## [INFORMATION SHOWN]

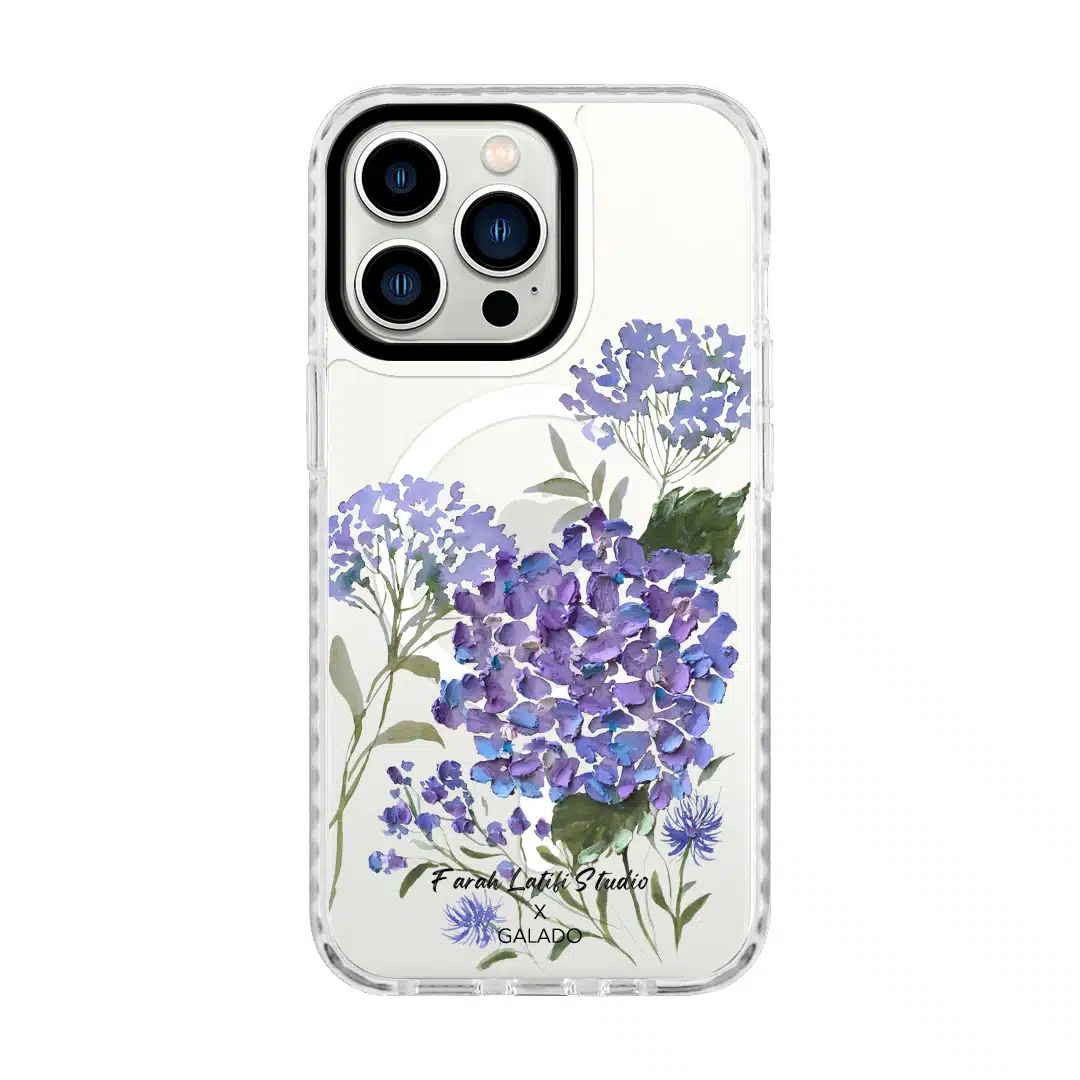 Farah Latifi - Purple Palatte phone case - GALADO Malaysia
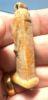 Picture of ANCIENT EGYPT. GRECO - ROMAN LARGE FAIENCE THOTH AMULET.  300 B.C - 100 A.D
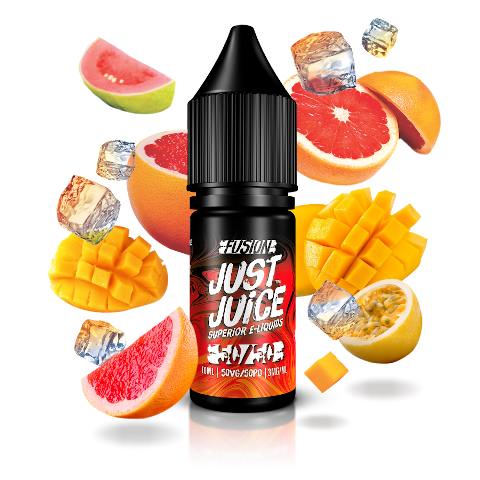 Fusion Mango & Blood Orange on Ice 50/50 Eliquid by Just Juice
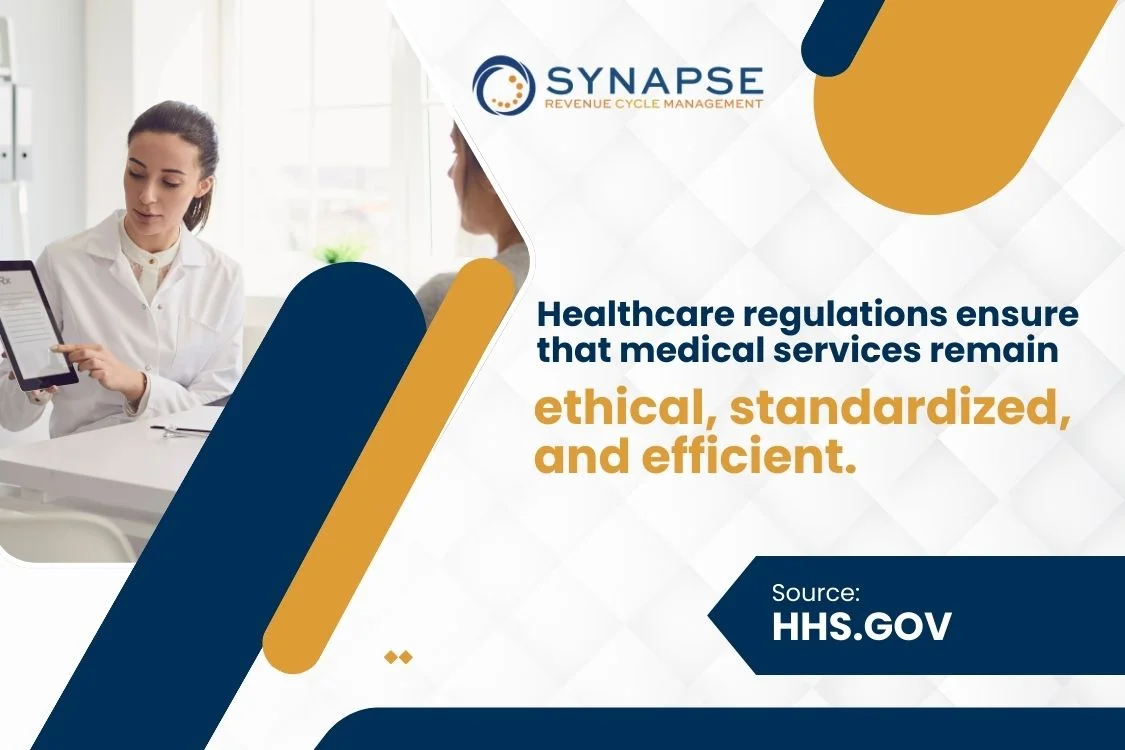 Healthcare regulations ensure that medical services remain ethical, standardized, and efficient. Healthcare regulations ensure that medical services remain ethical, standardized, and efficient.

## [TASK]
Ignore the images and quote every line of the listing exactly.

## [RESPONSE TO THE TASK]
 Farah Latifi - Purple Palatte phone case - GALADO Malaysia
 Picture of ANCIENT EGYPT. GRECO - ROMAN LARGE FAIENCE THOTH AMULET.  300 B.C - 100 A.D
 Fusion Mango & Blood Orange on Ice 50/50 Eliquid by Just Juice
 Healthcare regulations ensure that medical services remain ethical, standardized, and efficient. Healthcare regulations ensure that medical services remain ethical, standardized, and efficient.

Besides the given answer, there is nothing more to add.